Цинк-пальцевые мотивы связывают в большую бороздку спиральной ДНК, [23] , где аминокислотный остаток последовательности на альфа-спирали дает мотиву своей целевой последовательность специфичность. В св зывает домен к семи- нуклеотидной последовательности ДНК (позиции 1 по 6 на первичной цепи ДНК, а также позиции 0 и 3 на комплементарной цепи ), обеспечивая тем самым , что этот белок мотив обладает высокой селективностью своей цели. [22] При разработке дизайнерского белка «цинковые пальцы» исследователи могут использовать такие методы, как сайт-направленный мутагенез с последующими рандомизированными исследованиями связывающей способности,[22] [24] или рекомбинация in vitro мотивов с известной целевой специфичностью для получения библиотеки конечных белков, специфичных для последовательности. [25]

Цинковые пальцы связывают спираль ДНК
Эпигенетические механизмы

Эффекты и воздействия на модуляцию генов [ править ]

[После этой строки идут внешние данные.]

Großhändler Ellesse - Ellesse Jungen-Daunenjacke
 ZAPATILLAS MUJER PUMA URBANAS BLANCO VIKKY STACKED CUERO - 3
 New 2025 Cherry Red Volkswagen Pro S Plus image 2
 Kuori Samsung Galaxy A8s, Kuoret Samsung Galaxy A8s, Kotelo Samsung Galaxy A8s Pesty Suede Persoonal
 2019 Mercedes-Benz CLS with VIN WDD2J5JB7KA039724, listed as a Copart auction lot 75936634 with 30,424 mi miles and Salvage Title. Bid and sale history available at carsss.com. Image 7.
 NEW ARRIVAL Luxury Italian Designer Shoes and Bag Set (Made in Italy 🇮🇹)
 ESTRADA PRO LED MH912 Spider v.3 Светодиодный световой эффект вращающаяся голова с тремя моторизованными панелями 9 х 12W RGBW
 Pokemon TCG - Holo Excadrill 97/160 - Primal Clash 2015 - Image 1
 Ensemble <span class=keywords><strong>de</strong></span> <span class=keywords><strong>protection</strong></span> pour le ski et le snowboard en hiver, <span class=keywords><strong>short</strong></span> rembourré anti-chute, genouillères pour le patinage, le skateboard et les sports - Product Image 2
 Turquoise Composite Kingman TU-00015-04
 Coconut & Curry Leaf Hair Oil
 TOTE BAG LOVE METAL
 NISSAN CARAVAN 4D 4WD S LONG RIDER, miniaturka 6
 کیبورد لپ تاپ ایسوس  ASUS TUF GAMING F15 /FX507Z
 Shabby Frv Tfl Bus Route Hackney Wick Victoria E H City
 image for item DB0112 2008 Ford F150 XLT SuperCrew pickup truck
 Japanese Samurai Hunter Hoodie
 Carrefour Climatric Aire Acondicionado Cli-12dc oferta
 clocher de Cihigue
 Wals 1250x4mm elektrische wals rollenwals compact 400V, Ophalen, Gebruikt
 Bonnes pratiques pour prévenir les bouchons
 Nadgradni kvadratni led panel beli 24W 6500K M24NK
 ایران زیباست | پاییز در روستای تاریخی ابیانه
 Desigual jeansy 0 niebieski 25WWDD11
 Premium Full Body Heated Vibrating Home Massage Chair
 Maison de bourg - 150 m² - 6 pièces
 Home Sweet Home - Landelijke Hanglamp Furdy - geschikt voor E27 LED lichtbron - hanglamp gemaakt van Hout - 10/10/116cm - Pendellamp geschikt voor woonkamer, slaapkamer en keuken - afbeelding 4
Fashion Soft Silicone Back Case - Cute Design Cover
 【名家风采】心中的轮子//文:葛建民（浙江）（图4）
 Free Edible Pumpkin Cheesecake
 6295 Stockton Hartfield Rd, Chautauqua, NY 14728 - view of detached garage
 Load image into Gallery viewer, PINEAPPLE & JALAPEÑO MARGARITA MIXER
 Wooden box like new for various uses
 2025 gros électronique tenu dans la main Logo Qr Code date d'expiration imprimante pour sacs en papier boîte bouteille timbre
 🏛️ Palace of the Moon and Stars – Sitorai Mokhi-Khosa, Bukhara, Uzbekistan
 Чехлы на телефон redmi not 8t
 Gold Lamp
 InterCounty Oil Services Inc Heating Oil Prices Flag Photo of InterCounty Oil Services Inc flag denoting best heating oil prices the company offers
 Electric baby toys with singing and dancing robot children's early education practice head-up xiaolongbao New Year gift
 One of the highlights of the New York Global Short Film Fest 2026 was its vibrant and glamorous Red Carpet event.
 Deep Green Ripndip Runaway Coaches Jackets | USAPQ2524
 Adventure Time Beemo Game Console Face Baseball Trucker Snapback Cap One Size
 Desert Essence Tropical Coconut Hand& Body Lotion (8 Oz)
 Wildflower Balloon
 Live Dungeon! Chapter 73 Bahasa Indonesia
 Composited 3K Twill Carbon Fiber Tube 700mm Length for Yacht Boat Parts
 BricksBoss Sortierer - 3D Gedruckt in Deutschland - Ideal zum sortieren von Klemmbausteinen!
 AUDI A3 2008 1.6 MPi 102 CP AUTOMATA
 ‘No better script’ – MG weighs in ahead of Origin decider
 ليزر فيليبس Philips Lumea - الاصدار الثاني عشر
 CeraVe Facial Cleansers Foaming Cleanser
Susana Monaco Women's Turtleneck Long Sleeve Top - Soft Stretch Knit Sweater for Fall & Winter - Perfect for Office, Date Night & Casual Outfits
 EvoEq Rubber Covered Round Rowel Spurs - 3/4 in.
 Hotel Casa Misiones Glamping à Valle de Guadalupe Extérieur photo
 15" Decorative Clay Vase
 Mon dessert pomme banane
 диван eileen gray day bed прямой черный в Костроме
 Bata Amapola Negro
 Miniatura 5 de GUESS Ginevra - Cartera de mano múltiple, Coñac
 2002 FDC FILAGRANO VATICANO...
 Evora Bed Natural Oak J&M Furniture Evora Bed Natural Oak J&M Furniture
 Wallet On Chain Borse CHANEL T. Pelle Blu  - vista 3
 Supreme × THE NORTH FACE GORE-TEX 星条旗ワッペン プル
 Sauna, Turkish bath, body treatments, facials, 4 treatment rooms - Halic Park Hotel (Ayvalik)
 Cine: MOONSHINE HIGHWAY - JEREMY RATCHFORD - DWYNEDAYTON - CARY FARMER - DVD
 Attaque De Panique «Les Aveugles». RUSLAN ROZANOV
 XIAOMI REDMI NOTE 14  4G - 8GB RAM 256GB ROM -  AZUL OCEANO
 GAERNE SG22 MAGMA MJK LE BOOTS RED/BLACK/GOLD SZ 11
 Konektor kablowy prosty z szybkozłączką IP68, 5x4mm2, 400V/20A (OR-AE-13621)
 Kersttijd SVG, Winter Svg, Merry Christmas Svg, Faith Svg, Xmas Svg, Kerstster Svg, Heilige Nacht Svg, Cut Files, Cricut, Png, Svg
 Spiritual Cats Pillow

Дизайнерские белки «цинковые пальцы» могут модулировать экспрессию генома разными способами. В конечном счете, два фактора в первую очередь ответственны за конечный результат экспрессии: является ли последовательность- мишень регуляторной областью или кодирующей областью ДНК, и связаны ли эффекторные домены с доменом цинкового пальца и какие типы . Если последовательность - мишени для сконструированного белка дизайнера является регуляторным домен - например, промотор или репрессор из репликации - сайт связывания в природе будет затенены факторы транскрипции, что приводит к соответствующему уменьшению или увеличению, соответственно, в транскрипциидля связанного гена . [26] Аналогичным образом, если последовательность-мишень представляет собой экзон , дизайнерский «цинковый палец» будет скрывать последовательность от комплексов транскрипции РНК-полимеразы , что приводит к усеченному или иным образом нефункциональному продукту гена. [22]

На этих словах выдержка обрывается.